Instructions for the task =>
Quote the whole listing exactly. Leave the pictures out of your copy.

Provided data =>
********
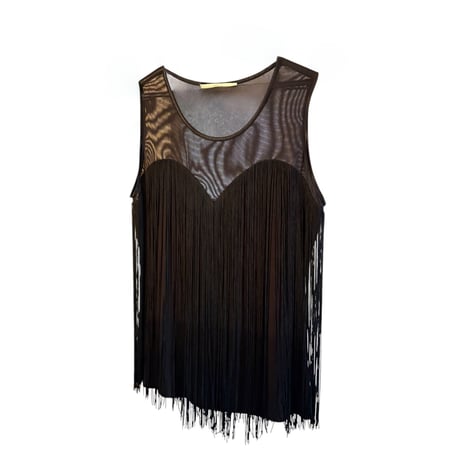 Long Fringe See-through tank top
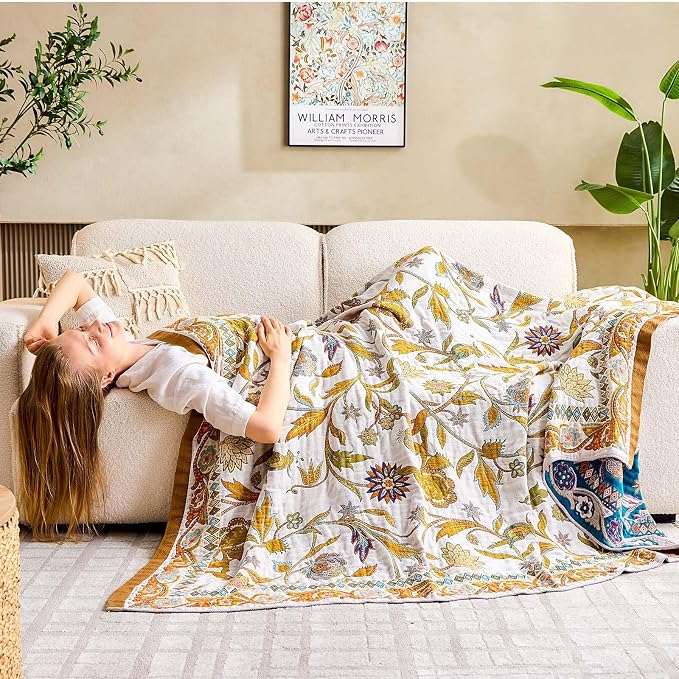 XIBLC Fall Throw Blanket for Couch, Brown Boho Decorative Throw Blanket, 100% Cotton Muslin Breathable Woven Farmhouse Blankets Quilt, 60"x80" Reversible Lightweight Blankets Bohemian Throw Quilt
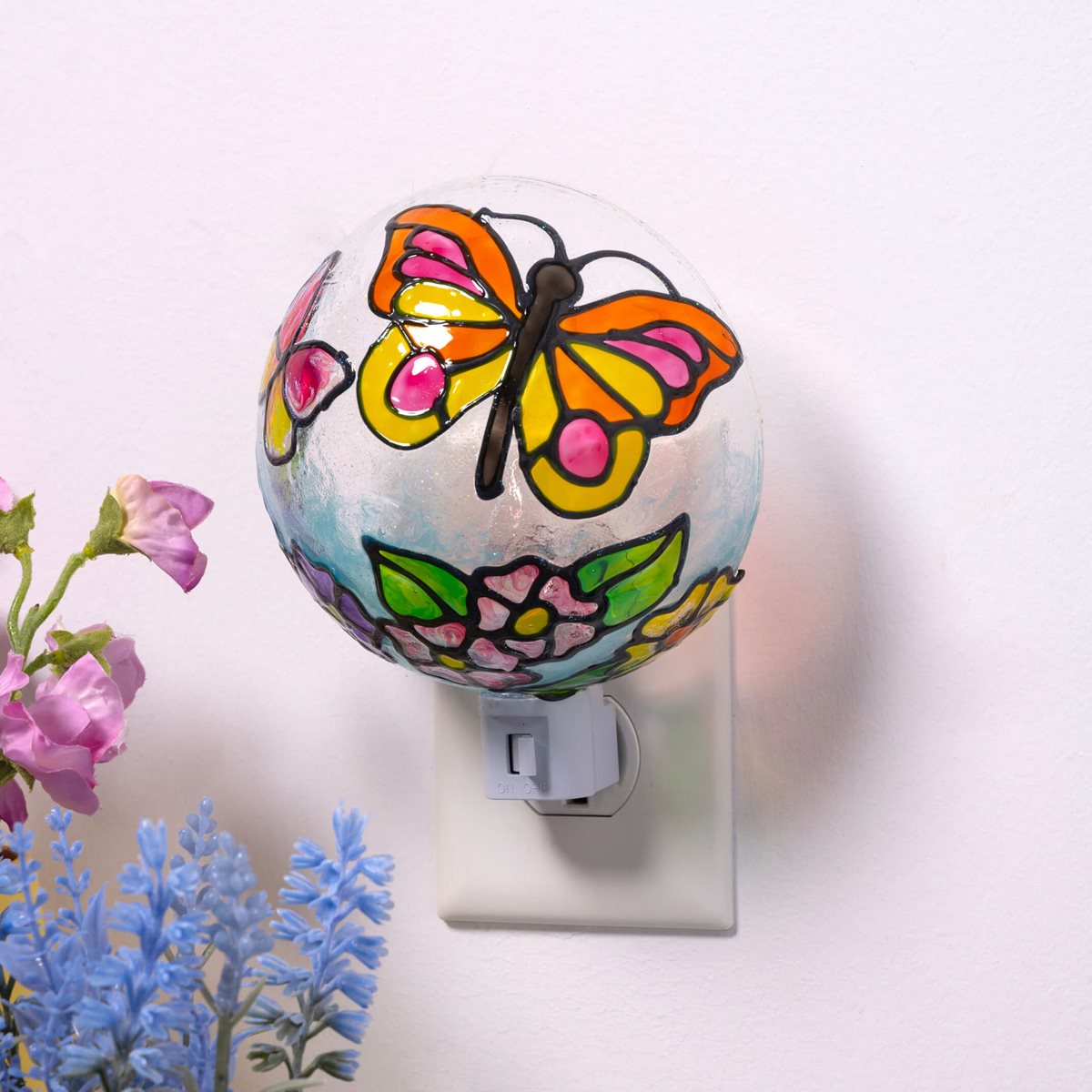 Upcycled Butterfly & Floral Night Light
********
Result =>
 Long Fringe See-through tank top
 XIBLC Fall Throw Blanket for Couch, Brown Boho Decorative Throw Blanket, 100% Cotton Muslin Breathable Woven Farmhouse Blankets Quilt, 60"x80" Reversible Lightweight Blankets Bohemian Throw Quilt
 Upcycled Butterfly & Floral Night Light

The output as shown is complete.